À ClaudeL : Avec les années, je m'assagis aussi un peu. Je choisis mes bataille. Je maîtrise mieux mes émotions. Je me connais mieux. Je suis toujours la même, et je le resterai toujours. Plus mature, mais toujours moi. Contente de voir que tu as fait le même constat : Les "autres", ils acceptent ou non ce que nous sommes. Sinon, tant pis! Ce n'est pas négociable. Ça ne doit pas l'être. Jamais.

Gen a dit…

@Isa : Que dire sinon "amen"?

Ce que j'ai appris au cours des ans, c'est que ça vaut pas la peine d'essayer d'être nous-mêmes avec les gens qui ne nous accepteront jamais de toute façon. Autour de ces gens là, je me tais et j'écourte les visites au maximum.

Avec les gens qui me trouvent juste un peu bizarre, je leur apprends à découvrir la vraie Gen à petites doses. ;)

Et je n'essaie plus de changer de personnalité. Travailler sur mes défauts, oui, mais essayer d'être autre, non.

La vie est trop courte, trop précieuse... et trop belle quand on est une passionnée qui s'assume! :) Quand on aime la vie, elle n'est jamais ennuyante :)

Chantal Moreau a dit…

Moi ce qui m'intrigue, c'est de savoir ce qui est arrivé pour que tu écrives là-dessus. Curieuse cette Chantal n'est-ce-pas? :) Tu es unique et je t'apprécie telle que tu es. Quel fun nous avons toutes les deux! Si nous étions tous pareils, quelle vie moche nous aurions :)

Isa Lauzon a dit…

À Gen : Tiens, je me retrouve dans ton silence... Quand je me retrouve dans une situation où je sens que les gens ne s'intéressent pas à ce que je suis, je fais comme toi : je me tais et j'écourte les visites. Dans mon livre à moi, ce type de rencontres s'appelle "obligations", et c'est un mot que j'ai beaucoup de mal à accepter maintenant... La vie est trop courte, pourquoi s'emmerde-t-on à s'obliger à fréquenter des gens qui ne nous apportent rien ou, pire, qui nous bouffent notre énergie?

À Chantal : Hihi! Là, je te reconnais bien! Ce qui est arrivé? Plein de déceptions, plein de remises en question, plein de malaise ressenti. Plein d'efforts pour plaire, pour changer, pour calmer mes ardeurs, pour... pour rien, au fond. On m'aime comme je suis, ou on passe son chemin. C'est ma nouvelle règle. Fatiguée de faire des efforts pour les autres. En font-ils pour moi, ces autres? Pas souvent.

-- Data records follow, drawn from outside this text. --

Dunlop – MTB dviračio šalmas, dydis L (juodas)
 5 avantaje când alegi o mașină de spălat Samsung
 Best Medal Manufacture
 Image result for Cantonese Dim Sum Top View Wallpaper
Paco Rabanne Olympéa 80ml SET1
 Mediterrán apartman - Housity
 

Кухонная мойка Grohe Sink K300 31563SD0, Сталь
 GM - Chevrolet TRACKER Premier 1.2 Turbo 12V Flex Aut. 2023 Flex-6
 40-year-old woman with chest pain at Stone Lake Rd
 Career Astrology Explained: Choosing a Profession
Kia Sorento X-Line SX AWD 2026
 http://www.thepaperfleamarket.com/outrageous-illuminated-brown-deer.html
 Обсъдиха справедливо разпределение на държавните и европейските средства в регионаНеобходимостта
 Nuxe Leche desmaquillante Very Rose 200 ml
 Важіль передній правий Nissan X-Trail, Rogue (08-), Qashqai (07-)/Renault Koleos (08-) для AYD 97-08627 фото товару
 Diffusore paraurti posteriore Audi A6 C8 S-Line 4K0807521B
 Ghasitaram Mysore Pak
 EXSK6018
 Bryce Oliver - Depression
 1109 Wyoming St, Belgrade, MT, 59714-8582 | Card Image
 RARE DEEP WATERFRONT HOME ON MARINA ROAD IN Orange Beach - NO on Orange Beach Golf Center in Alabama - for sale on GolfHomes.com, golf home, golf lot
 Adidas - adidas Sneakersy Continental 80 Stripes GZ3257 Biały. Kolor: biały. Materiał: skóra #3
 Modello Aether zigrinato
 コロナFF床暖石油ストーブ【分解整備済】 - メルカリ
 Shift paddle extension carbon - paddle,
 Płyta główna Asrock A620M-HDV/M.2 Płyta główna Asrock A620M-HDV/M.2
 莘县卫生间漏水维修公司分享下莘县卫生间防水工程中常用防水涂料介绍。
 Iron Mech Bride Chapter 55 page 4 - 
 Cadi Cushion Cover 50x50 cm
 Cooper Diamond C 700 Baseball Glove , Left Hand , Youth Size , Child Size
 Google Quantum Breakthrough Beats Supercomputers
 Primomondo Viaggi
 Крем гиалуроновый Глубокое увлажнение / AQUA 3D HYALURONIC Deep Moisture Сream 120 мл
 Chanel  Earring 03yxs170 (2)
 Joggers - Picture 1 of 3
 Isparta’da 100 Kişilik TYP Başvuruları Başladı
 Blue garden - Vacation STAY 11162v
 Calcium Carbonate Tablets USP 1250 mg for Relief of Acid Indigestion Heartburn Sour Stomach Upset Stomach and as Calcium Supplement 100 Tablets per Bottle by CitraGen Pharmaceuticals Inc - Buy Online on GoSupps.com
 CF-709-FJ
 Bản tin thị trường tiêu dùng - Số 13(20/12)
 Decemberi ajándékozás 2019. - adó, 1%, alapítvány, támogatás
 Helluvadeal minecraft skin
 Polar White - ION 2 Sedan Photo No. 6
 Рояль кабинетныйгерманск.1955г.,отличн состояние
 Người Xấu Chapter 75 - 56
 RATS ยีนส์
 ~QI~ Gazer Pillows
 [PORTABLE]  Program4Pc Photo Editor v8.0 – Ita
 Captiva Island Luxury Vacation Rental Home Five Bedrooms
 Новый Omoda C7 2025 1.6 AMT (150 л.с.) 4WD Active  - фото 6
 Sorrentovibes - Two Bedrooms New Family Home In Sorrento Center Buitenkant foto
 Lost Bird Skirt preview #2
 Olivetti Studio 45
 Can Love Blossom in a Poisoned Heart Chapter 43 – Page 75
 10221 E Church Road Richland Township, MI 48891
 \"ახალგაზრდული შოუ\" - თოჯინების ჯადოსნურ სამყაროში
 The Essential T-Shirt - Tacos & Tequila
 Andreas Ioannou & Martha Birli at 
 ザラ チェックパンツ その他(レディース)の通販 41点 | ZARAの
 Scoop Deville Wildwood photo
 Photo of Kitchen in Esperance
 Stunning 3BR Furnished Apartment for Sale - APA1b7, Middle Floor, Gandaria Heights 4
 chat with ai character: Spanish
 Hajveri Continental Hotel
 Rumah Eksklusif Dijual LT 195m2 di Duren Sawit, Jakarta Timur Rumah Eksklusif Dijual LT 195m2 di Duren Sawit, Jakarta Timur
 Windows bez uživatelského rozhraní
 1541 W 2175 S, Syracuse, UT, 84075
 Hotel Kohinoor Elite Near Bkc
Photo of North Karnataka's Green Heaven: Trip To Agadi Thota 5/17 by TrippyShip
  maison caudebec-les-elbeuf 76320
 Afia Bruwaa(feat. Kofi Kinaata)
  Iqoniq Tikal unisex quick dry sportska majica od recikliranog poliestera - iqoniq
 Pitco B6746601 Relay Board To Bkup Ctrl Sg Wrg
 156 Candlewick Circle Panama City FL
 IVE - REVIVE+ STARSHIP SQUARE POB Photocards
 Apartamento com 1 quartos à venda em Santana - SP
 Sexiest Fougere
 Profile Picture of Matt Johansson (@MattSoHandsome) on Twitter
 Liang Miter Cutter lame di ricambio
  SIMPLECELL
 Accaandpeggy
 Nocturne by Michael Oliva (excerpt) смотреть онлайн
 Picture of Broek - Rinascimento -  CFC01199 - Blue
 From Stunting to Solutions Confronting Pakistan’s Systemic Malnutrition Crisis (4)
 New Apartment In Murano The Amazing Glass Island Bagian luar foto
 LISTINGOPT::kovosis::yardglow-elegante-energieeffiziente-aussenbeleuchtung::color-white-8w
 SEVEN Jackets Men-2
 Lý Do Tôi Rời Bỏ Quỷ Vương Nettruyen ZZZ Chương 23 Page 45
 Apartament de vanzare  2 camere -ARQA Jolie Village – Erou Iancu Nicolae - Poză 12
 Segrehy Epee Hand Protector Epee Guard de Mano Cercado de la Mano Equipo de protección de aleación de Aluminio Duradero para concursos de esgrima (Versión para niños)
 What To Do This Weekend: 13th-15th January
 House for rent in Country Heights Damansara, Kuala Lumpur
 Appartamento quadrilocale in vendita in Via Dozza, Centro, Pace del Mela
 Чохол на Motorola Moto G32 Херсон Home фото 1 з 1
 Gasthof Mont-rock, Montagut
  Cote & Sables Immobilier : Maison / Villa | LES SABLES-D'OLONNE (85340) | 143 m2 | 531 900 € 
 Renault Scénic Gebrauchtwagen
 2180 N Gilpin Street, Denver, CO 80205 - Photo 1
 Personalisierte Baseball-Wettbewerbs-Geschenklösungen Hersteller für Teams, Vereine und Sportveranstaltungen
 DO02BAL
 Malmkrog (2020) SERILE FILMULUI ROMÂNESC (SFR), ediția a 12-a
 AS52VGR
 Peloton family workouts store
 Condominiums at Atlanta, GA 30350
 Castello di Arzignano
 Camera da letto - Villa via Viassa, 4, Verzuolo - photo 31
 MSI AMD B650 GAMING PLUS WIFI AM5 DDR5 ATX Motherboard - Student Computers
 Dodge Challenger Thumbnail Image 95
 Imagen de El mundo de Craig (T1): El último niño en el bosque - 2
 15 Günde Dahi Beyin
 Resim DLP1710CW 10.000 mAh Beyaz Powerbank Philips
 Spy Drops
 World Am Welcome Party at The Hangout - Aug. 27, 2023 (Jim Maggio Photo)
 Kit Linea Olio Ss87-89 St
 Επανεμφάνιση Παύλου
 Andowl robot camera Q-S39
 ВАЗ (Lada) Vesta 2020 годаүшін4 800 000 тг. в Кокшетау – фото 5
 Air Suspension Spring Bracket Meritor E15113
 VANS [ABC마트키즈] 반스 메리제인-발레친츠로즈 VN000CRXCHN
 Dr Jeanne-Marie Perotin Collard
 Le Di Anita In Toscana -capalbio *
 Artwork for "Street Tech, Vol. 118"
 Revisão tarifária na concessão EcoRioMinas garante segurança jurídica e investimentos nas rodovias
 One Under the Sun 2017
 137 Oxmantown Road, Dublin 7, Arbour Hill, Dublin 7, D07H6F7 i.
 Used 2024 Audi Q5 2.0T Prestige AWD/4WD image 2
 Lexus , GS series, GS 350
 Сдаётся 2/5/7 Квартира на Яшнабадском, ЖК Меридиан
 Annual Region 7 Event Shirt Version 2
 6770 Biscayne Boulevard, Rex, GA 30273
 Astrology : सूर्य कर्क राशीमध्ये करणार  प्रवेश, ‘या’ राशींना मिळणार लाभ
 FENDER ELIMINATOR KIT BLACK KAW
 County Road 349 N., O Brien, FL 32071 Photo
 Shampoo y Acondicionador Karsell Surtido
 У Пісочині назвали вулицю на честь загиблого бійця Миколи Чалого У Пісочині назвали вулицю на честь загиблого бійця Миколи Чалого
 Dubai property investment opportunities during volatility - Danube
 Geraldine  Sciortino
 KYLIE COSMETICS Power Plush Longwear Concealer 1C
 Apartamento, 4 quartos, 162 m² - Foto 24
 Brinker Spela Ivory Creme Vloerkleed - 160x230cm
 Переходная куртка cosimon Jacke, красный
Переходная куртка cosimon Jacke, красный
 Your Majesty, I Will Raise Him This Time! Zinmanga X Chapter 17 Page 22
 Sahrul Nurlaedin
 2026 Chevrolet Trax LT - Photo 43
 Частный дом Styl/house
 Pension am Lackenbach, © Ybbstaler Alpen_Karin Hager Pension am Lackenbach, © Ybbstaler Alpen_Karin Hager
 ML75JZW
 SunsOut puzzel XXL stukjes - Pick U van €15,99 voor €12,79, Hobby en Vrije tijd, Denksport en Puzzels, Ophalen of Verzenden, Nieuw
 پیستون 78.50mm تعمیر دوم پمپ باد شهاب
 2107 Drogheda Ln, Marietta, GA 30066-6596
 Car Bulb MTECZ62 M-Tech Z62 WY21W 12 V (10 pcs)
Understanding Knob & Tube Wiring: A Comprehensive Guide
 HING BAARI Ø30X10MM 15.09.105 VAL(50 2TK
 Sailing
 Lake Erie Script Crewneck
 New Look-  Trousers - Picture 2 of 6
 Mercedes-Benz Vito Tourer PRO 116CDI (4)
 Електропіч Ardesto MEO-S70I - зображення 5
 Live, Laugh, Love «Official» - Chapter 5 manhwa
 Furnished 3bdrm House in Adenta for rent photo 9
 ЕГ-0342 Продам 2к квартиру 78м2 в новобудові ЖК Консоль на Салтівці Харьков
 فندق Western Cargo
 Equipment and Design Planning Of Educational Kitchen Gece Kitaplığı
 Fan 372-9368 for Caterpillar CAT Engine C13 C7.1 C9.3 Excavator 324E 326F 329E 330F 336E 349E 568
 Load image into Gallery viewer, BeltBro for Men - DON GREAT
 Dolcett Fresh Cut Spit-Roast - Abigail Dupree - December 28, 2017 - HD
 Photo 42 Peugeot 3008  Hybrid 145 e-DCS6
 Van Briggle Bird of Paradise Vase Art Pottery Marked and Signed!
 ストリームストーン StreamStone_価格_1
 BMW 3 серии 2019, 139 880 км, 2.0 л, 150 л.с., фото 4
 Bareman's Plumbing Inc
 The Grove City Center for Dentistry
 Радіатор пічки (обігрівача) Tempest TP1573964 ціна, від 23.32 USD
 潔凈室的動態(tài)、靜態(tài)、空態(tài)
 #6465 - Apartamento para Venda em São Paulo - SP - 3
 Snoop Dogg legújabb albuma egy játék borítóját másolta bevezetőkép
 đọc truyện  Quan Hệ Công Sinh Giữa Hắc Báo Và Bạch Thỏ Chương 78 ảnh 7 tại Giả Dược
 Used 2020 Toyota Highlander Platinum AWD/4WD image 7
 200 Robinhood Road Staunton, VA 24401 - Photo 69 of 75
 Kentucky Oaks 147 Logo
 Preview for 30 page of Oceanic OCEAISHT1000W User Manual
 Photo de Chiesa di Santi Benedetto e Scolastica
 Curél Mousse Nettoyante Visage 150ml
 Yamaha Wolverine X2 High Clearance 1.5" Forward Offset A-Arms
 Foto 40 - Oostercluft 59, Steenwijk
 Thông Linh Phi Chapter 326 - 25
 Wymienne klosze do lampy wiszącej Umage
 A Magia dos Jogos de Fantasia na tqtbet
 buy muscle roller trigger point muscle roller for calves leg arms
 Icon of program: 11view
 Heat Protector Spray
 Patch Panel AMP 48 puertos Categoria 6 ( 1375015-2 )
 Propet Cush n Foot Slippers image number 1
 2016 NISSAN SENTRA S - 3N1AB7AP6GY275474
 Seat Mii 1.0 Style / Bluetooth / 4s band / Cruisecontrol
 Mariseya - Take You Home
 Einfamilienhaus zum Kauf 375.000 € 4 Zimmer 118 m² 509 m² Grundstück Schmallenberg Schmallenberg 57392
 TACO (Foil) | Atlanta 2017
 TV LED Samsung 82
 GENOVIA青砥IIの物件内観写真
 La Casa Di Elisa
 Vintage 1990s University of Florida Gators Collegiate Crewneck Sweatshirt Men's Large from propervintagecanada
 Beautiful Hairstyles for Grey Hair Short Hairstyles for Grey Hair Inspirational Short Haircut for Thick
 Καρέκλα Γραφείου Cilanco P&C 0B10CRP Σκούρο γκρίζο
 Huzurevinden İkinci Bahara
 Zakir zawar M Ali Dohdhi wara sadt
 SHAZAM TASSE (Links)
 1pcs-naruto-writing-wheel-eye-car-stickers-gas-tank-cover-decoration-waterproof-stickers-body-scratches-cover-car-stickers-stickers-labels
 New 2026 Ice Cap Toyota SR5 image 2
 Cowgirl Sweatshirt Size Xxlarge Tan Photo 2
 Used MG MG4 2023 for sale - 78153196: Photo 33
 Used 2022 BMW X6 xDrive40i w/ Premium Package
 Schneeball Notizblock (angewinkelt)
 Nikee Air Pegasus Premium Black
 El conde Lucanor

Aaaaaahhh! Merci de mettre un baume sur mes douleurs passées avec ton amitié! Mets-en que nous avons du fun, d'ailleurs je me suis pas mal ennuyée de toi pendant tes vacances... Ce n'est jamais plate au bureau quand tu es là! :O)

Anonyme a dit…

En France on constate souvent que les gens jouent un role en société et ce role ne reflete pas du tout leur personnalité, et généralement cela fini par un clash, des personnes qui se reconnaissent pas et qui veulent etre comme ils sont. Donc à mon avis, la meilleur amitié vient des amis qui vous acceptent comme vous êtes et ils auront l'habileté pour vous dire si parfois vous depassez un peu les limites, tout en restant gentils car ils vous aiment, et c'est bien là l'essentiel.
Moi je vis cela en ce moment, je viens de revoir tout mon debut de vie d'adulte et je me suis aperçu que je n'avais pas de vrais amis comme je le pensais, les seuls que j'ai sont ceux rencontrés durant mon adolescence, avec eux la conversation redemmare là on nous nous etions arrêté quinze ans auparavant et on s'amuse vraiment bien quand l'on se voit.
Bien cordialement, Cyril VALERY.

Isa Lauzon a dit…

À Cyril : Bah! Il n'y a pas qu'en France, où les gens jouent un rôle et ne montrent pas leur vrai visage!

Des vrais amis, j'en ai très peu, triés sur le volet. J'ai fait pas mal de ménage ces dernières années, et je dois dire que je ne regrette rien. Il y a des gens, comme ça, qui ne nous manquent pas... Et d'autres, en contrepartie, que nous ne voyons pas souvent, avec qui pourtant, le temps semble s'être arrêté. Même après une longue séparation, la relation renoue immédiatement, nous avons beaucoup en commun, tellement de choses à se dire, à partager. Ça, ce sont les véritables amis!